**PROBLEM DESCRIPTION**
Start with the line that holds "This video will". Please copy it and each remaining line below exactly, leaving pictures out.

Stored dataset items
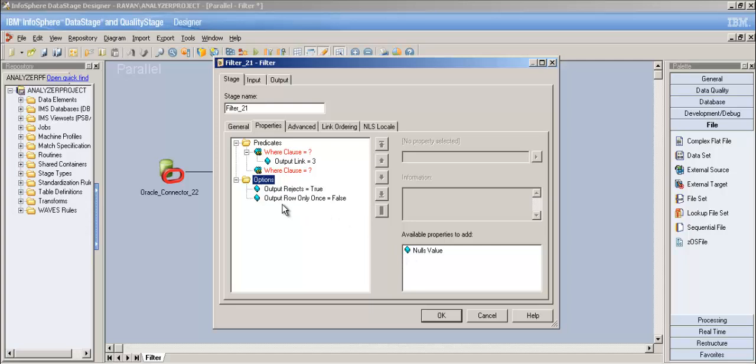To summarize: Output Row Only Once set to false means DataStage verifies all where clauses for every record. Set to true means only the first matching where clause is used - once matched, no further where clauses are checked.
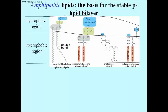Phosphatidylserine and phosphatidylcholine actually have both positively charged nitrogens — amino groups — as well as phosphates.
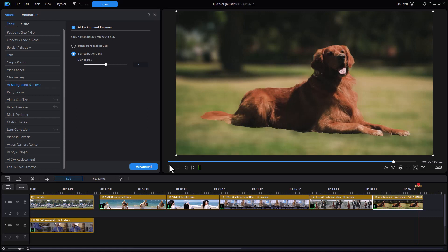So that's an overview of the AI background remover and some tips on best case scenarios to use it in places where you probably want to avoid it.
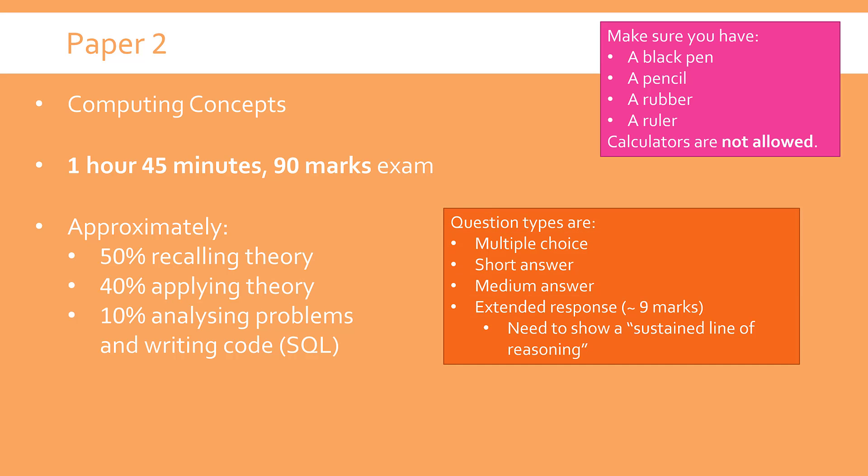Now in this paper, like I say, pretty typical, there are a range of questions. Multiple choice, there'll be quite a few. There'll be some short answer ones, so one, two, three marks. Medium answer, say four, five, six marks. And there'll be at least one extended response question which are typically about nine marks, give or take a couple either side. And for these questions you need to show a sustained line of reasoning.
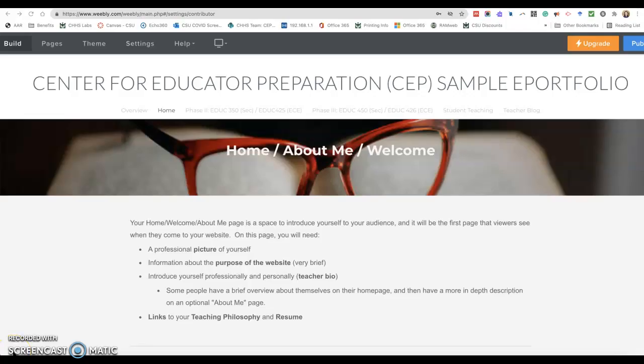This video will give you a quick overview of the ePortfolio that pre-service teachers create in EDUC 331, which is a Phase 2 class in the Teacher Licensure Program at the Center for Educator Preparation in CSU.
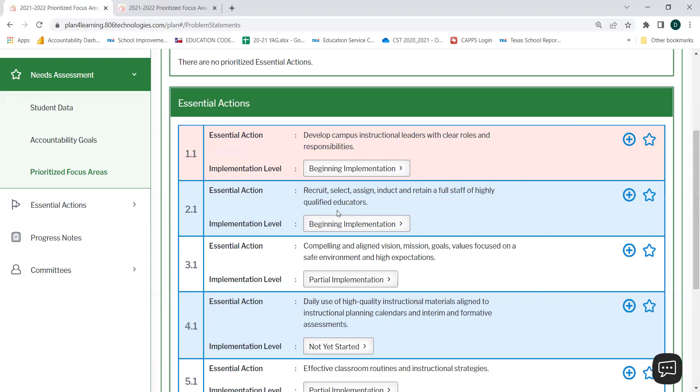For campuses that did have a fall 2021 or a spring 2022 diagnostic, you will need to select the implementation levels from your final diagnostic report.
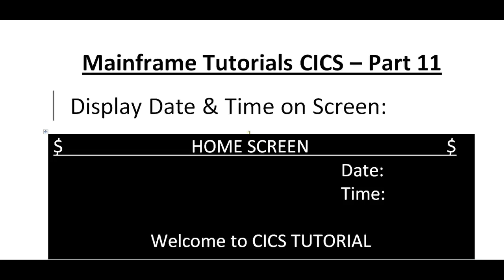Hello, good morning or good evening to everyone. Welcome to Mainframe Tutorial CICS Part 11. In this video, I would like to share with you an important program to display date and time onto the screen.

**FINAL ANSWER**
This video will give you a quick overview of the ePortfolio that pre-service teachers create in EDUC 331, which is a Phase 2 class in the Teacher Licensure Program at the Center for Educator Preparation in CSU.
For campuses that did have a fall 2021 or a spring 2022 diagnostic, you will need to select the implementation levels from your final diagnostic report.
Hello, good morning or good evening to everyone. Welcome to Mainframe Tutorial CICS Part 11. In this video, I would like to share with you an important program to display date and time onto the screen.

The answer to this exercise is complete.